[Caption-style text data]
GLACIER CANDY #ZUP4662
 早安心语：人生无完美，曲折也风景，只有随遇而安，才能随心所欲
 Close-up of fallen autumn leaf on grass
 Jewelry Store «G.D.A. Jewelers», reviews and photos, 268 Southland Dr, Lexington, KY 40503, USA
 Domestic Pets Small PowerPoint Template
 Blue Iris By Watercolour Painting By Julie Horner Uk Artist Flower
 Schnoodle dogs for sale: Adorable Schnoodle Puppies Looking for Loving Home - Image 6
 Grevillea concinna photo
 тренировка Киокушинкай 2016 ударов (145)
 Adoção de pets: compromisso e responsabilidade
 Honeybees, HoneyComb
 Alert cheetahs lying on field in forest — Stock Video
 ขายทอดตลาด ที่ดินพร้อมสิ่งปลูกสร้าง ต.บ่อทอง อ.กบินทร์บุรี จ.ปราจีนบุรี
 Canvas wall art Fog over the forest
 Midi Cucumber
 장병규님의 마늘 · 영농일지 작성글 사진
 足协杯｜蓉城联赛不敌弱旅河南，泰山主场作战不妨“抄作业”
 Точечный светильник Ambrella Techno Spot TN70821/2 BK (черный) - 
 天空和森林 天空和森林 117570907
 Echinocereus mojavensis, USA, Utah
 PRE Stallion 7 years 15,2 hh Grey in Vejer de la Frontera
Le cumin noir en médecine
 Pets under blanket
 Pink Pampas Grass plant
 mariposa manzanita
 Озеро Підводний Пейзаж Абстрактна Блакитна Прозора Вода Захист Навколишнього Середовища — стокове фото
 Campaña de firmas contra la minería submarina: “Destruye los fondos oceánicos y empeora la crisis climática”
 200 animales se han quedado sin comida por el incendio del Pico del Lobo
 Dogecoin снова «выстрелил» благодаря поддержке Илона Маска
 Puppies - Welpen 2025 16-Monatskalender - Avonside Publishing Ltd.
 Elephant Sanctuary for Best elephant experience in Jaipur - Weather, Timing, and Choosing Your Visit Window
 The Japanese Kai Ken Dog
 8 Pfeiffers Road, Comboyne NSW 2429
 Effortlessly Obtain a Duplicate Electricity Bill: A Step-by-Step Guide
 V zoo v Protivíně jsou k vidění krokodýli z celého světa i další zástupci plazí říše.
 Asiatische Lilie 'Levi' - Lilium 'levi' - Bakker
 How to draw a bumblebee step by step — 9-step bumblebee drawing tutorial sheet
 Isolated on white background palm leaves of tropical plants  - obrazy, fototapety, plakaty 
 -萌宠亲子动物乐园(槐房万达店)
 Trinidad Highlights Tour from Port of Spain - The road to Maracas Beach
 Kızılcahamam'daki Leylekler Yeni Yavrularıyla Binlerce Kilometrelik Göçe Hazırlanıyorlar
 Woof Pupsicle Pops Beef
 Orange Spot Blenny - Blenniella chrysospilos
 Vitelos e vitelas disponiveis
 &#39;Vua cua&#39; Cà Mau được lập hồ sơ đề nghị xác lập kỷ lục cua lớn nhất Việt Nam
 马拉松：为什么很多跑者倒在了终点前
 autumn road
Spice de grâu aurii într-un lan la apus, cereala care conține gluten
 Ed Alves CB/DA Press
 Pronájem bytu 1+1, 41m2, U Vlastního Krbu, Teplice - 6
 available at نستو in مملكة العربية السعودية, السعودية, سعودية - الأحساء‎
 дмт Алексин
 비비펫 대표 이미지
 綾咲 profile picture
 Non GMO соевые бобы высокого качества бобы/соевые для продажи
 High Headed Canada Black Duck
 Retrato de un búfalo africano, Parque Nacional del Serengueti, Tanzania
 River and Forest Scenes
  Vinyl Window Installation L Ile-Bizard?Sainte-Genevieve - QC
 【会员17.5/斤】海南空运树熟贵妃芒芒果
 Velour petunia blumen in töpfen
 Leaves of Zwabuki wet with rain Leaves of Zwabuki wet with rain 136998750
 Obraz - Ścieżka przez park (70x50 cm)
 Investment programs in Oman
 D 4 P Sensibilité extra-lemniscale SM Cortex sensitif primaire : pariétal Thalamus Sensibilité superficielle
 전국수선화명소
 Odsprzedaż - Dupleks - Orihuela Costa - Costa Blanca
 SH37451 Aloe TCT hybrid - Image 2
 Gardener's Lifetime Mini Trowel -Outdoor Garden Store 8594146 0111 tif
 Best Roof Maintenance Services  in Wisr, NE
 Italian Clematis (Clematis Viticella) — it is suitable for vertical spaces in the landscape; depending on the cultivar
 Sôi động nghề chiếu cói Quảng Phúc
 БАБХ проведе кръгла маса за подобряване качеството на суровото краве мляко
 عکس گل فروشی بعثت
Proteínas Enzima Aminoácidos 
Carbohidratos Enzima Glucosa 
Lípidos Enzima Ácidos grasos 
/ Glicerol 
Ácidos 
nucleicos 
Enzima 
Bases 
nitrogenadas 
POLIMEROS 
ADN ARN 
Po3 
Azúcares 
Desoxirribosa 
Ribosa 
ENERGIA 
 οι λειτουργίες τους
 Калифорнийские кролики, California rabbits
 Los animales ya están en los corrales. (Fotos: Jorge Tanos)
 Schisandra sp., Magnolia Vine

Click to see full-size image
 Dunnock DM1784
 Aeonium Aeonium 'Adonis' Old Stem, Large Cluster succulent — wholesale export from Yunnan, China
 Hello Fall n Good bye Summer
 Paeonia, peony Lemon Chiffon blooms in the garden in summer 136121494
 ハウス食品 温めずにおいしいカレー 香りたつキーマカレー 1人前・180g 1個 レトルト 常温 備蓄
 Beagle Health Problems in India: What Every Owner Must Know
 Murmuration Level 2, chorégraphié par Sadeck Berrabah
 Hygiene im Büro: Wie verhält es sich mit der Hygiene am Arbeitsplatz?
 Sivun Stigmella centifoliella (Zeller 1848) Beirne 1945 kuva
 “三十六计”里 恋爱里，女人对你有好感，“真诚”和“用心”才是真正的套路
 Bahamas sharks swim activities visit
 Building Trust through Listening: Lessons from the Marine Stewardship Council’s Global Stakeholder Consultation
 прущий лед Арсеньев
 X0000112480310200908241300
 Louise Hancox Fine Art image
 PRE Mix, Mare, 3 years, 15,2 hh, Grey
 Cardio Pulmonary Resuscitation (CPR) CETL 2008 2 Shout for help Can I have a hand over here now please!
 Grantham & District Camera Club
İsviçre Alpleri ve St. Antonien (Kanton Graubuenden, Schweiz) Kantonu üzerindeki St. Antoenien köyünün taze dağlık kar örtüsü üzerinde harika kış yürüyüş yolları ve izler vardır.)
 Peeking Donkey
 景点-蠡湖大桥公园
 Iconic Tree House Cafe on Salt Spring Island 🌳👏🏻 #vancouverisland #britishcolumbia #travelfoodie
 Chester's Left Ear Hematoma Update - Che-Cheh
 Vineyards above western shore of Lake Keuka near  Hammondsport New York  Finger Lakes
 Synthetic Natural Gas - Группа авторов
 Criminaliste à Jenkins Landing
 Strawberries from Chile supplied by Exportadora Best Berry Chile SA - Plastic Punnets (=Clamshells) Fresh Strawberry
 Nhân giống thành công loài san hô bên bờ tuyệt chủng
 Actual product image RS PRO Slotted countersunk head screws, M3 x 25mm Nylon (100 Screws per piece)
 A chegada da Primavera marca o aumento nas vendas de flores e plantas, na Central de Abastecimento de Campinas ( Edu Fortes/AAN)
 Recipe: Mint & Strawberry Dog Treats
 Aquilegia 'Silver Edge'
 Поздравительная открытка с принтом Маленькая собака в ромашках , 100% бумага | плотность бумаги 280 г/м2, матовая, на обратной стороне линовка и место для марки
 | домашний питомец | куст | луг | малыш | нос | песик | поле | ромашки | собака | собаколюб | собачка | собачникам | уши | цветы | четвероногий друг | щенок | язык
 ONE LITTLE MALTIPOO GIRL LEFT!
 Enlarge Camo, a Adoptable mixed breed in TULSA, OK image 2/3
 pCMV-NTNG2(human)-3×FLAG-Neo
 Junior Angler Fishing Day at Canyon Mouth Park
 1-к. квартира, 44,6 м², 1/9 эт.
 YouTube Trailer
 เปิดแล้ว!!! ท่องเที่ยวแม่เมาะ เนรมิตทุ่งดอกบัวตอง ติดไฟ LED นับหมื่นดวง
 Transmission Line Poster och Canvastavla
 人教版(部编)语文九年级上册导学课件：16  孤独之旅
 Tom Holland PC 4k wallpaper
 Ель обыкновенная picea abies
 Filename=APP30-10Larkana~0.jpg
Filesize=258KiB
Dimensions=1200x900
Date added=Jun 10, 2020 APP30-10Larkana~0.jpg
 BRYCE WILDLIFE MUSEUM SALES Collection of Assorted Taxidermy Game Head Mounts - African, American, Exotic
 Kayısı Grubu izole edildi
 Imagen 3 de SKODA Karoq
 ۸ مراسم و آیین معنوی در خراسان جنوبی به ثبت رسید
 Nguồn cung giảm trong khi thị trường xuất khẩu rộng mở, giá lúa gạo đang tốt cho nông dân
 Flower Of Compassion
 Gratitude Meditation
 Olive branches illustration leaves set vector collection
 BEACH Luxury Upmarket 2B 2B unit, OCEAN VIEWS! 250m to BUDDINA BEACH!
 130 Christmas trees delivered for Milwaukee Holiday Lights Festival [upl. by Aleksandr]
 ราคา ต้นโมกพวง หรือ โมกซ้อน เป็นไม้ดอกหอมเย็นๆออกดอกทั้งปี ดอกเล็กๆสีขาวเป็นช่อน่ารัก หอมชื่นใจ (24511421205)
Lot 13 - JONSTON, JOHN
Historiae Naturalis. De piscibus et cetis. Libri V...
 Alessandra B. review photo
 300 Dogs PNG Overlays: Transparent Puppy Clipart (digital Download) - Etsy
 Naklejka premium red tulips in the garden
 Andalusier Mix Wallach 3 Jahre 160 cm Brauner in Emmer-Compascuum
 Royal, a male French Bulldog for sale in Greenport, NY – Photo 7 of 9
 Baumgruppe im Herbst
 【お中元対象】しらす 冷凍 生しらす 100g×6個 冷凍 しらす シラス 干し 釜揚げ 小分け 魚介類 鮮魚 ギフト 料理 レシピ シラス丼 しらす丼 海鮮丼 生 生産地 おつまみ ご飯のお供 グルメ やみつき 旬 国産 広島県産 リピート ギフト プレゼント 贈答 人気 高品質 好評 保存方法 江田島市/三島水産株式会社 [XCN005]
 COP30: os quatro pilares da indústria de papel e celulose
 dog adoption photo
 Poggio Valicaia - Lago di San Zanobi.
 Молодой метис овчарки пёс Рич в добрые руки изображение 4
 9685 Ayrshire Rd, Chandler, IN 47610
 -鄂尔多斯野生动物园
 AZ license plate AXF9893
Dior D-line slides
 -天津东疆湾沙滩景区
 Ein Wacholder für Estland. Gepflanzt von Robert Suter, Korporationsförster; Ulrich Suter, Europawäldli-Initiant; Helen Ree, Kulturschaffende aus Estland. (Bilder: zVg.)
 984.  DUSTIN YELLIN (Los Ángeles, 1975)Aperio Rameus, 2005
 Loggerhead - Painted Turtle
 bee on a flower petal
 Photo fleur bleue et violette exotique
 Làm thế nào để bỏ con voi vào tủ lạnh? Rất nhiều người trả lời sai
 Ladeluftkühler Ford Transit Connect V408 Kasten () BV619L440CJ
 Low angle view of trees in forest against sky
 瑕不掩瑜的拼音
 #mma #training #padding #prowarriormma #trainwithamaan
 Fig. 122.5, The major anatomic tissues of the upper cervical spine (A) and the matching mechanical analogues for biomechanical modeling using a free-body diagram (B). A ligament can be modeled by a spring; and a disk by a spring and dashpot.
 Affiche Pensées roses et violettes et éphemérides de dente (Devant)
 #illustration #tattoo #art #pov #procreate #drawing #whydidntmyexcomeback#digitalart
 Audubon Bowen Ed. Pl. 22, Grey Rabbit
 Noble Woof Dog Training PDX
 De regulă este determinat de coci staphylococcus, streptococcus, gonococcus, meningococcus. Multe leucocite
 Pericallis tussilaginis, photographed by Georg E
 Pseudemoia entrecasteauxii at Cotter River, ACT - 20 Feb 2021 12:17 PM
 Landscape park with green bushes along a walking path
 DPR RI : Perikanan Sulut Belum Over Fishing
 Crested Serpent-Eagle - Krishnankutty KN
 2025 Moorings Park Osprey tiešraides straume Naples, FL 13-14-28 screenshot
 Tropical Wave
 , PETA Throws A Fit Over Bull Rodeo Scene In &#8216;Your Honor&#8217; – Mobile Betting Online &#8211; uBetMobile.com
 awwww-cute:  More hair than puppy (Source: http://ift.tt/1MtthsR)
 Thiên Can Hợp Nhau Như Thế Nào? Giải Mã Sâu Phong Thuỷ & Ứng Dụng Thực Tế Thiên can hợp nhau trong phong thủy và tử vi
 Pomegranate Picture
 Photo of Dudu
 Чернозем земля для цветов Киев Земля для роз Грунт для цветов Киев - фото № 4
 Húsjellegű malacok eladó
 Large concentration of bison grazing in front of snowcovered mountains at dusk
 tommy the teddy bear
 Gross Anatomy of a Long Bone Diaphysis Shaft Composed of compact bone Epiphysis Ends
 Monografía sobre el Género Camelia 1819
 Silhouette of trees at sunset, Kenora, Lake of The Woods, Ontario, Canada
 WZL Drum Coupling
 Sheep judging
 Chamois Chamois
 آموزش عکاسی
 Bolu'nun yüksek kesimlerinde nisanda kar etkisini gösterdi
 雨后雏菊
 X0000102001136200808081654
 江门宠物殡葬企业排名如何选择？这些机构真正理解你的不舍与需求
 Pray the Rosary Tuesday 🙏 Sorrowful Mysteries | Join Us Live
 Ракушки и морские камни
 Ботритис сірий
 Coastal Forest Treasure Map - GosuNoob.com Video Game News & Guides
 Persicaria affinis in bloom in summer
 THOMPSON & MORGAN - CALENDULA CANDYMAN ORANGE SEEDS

* _TRY IT_: I'd like the lines above from the one with "прущий лед Арсеньев" up to and including the one with "Transmission Line Poster och Canvastavla" copied exactly, with no other lines.

* _ANSWER TO THE PROBLEM_:
 прущий лед Арсеньев
 X0000112480310200908241300
 Louise Hancox Fine Art image
 PRE Mix, Mare, 3 years, 15,2 hh, Grey
 Cardio Pulmonary Resuscitation (CPR) CETL 2008 2 Shout for help Can I have a hand over here now please!
 Grantham & District Camera Club
İsviçre Alpleri ve St. Antonien (Kanton Graubuenden, Schweiz) Kantonu üzerindeki St. Antoenien köyünün taze dağlık kar örtüsü üzerinde harika kış yürüyüş yolları ve izler vardır.)
 Peeking Donkey
 景点-蠡湖大桥公园
 Iconic Tree House Cafe on Salt Spring Island 🌳👏🏻 #vancouverisland #britishcolumbia #travelfoodie
 Chester's Left Ear Hematoma Update - Che-Cheh
 Vineyards above western shore of Lake Keuka near  Hammondsport New York  Finger Lakes
 Synthetic Natural Gas - Группа авторов
 Criminaliste à Jenkins Landing
 Strawberries from Chile supplied by Exportadora Best Berry Chile SA - Plastic Punnets (=Clamshells) Fresh Strawberry
 Nhân giống thành công loài san hô bên bờ tuyệt chủng
 Actual product image RS PRO Slotted countersunk head screws, M3 x 25mm Nylon (100 Screws per piece)
 A chegada da Primavera marca o aumento nas vendas de flores e plantas, na Central de Abastecimento de Campinas ( Edu Fortes/AAN)
 Recipe: Mint & Strawberry Dog Treats
 Aquilegia 'Silver Edge'
 Поздравительная открытка с принтом Маленькая собака в ромашках , 100% бумага | плотность бумаги 280 г/м2, матовая, на обратной стороне линовка и место для марки
 | домашний питомец | куст | луг | малыш | нос | песик | поле | ромашки | собака | собаколюб | собачка | собачникам | уши | цветы | четвероногий друг | щенок | язык
 ONE LITTLE MALTIPOO GIRL LEFT!
 Enlarge Camo, a Adoptable mixed breed in TULSA, OK image 2/3
 pCMV-NTNG2(human)-3×FLAG-Neo
 Junior Angler Fishing Day at Canyon Mouth Park
 1-к. квартира, 44,6 м², 1/9 эт.
 YouTube Trailer
 เปิดแล้ว!!! ท่องเที่ยวแม่เมาะ เนรมิตทุ่งดอกบัวตอง ติดไฟ LED นับหมื่นดวง
 Transmission Line Poster och Canvastavla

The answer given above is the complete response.